[WHAT TO WORK ON] The answer is the exact run of lines in the listing below from the line containing "Nico - Pomeranian for sale" up to and including the line containing "X0000102240870200808151751", with pictures removed.

[SUPPLIED INFORMATION]
○ ○ ○ ○
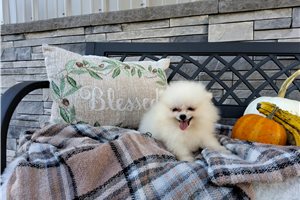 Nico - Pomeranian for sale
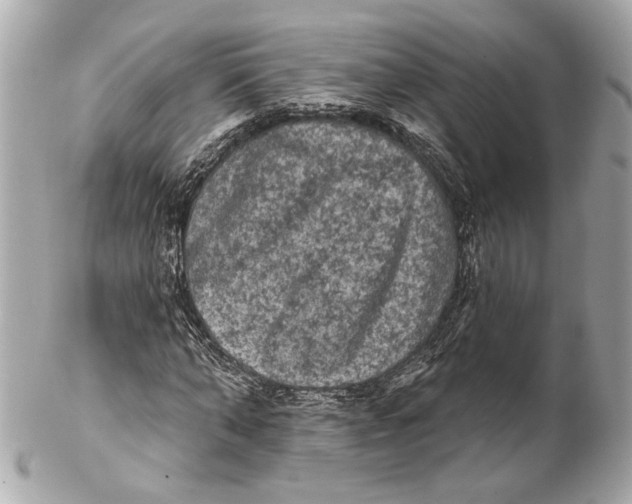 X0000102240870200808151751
○ ○ ○ ○
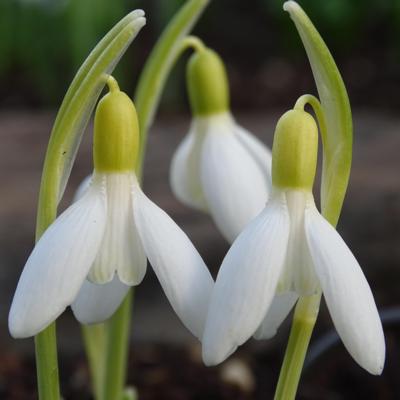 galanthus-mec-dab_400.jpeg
○ ○ ○ ○
[ANSWER TO THE EXERCISE]
 Nico - Pomeranian for sale
 X0000102240870200808151751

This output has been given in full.